- _ASSIGNMENT_:
When the line containing "pine needle bonsai GS-2450308" appears in the data below, begin copying there and stop only after the line containing "6 Days Masai".
------
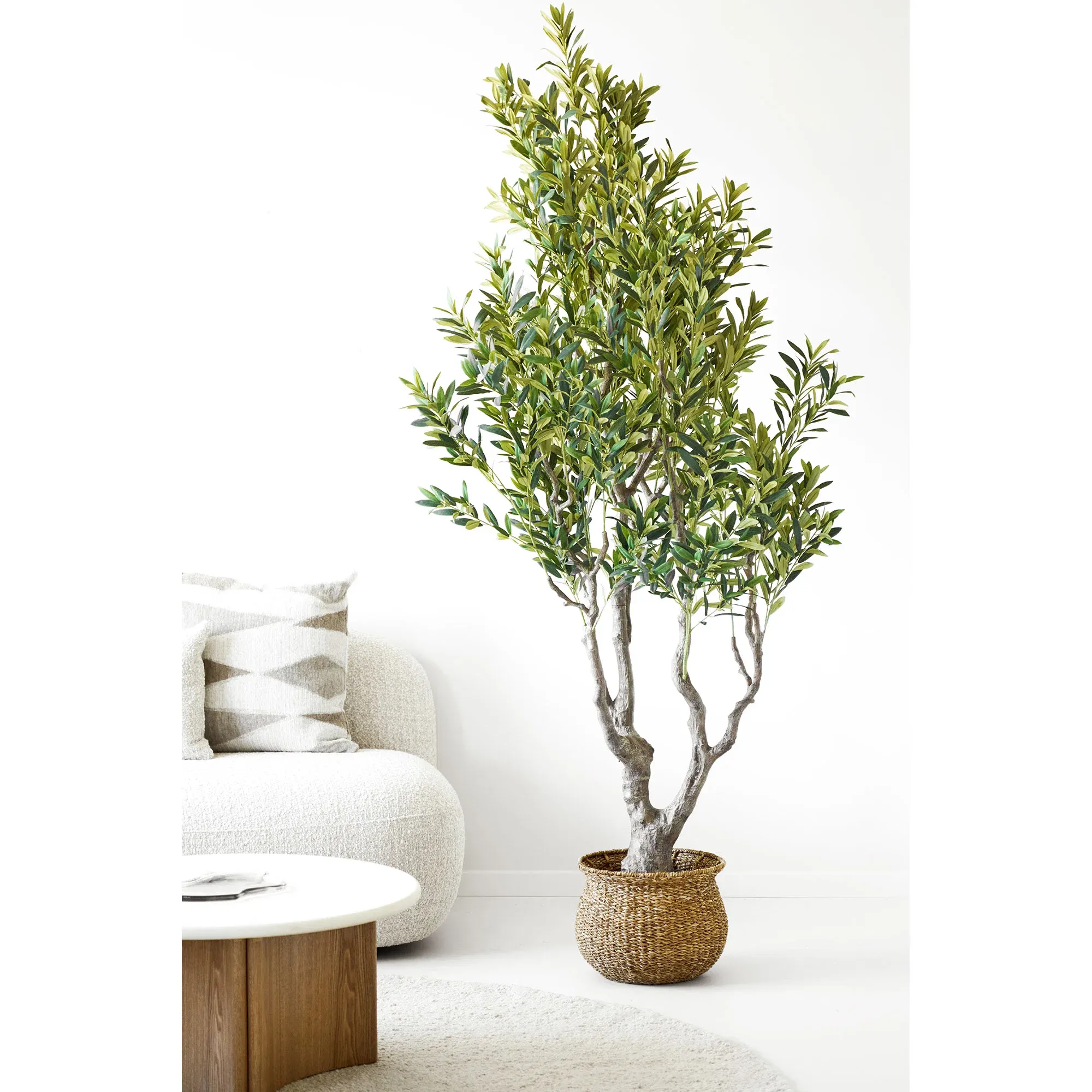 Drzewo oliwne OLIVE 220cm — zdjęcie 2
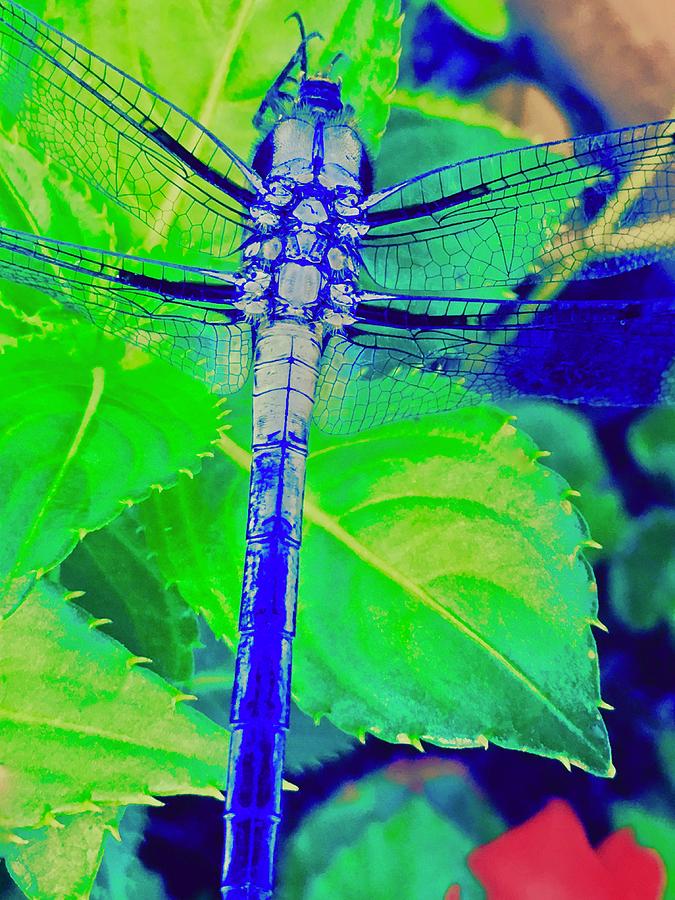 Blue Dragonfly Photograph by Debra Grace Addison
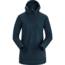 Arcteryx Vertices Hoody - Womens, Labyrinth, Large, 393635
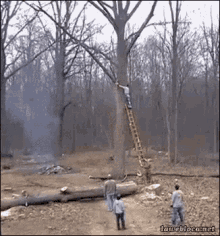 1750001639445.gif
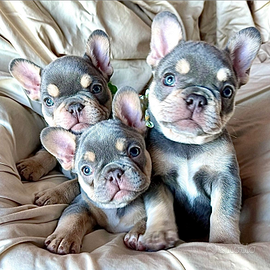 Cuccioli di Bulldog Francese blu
------
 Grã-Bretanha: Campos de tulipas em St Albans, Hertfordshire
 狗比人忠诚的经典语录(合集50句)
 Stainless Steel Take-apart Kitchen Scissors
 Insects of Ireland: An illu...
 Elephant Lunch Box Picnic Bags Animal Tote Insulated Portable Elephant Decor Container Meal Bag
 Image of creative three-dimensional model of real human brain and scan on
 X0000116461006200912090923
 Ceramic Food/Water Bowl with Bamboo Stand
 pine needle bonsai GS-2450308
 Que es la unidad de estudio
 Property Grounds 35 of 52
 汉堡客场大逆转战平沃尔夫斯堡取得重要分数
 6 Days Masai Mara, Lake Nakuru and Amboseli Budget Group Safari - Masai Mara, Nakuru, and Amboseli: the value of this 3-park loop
------
- _RESPONSE AREA_:
 pine needle bonsai GS-2450308
 Que es la unidad de estudio
 Property Grounds 35 of 52
 汉堡客场大逆转战平沃尔夫斯堡取得重要分数
 6 Days Masai Mara, Lake Nakuru and Amboseli Budget Group Safari - Masai Mara, Nakuru, and Amboseli: the value of this 3-park loop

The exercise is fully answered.